In particular, Mopar is establishing a closer relationship with the Specialty Equipment Market Assn., representing 7,000 small to midsize aftermarket suppliers.

“We’re changing our attitude and getting closer to the aftermarket,” Richard says. “We pretty much pushed away (from aftermarket firms). Now we need help in customizing vehicles.”

Chrysler only gets about 20% of what Mopar could in potential aftermarket service and parts business, Chairman and CEO Robert Nardelli said earlier this year, meaning “we have a huge opportunity for growth in this area.”

Chrysler has “big plans” in offering customization and personalization add-on equipment for the ’09 Dodge Ram pickup truck, Richard says. “We want to offer all possibilities through Mopar.”

Because there are so many niches, aftermarket does not lend itself to mass production. By its very nature, the vehicle-personalization business is relatively low volume.

That’s where small aftermarket companies play a role, says John Waraniak, SEMA vice president-vehicle technology.

Young consumers are more likely to customize their vehicles.

Twenty-seven percent of Dodge buyers are under age 35, “and that’s where the customization comes in,” Richard says.

Consumers ages 16-25 are most likely to customize their vehicles.
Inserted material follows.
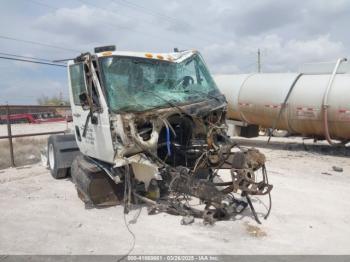  Salvage International 8600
Yet there are about 10 demographic and pyschographic subsets to that age group, Waraniak says.

Young vehicle buyers tend to be brand-oriented, he says. “So if you are selling to Generation X and Y, you want brand names like Kicker Electronics listed right on your vehicle Maroni sticker.”
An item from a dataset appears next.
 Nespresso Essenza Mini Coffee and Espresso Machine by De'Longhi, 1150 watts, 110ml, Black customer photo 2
Young buyers particularly are interested in outstanding sound systems, says Jeff Vogel, senior manager-sales and marketing for Alpine Electronics of America.

Replacing the audio system is one of the first things many 15 to 24 year olds do after buying a used vehicle, he says, adding that they frequently ask, “How do I make my sound system extremely loud?”

Alpine has 600-watt speakers for them, he says.

Despite all the offbeat accessory offerings, some of the most ordinary ones top the popularity list.

“Believe it or not, floor mats are very popular,” Richard says. “People throw out the originals and get customized ones from us.”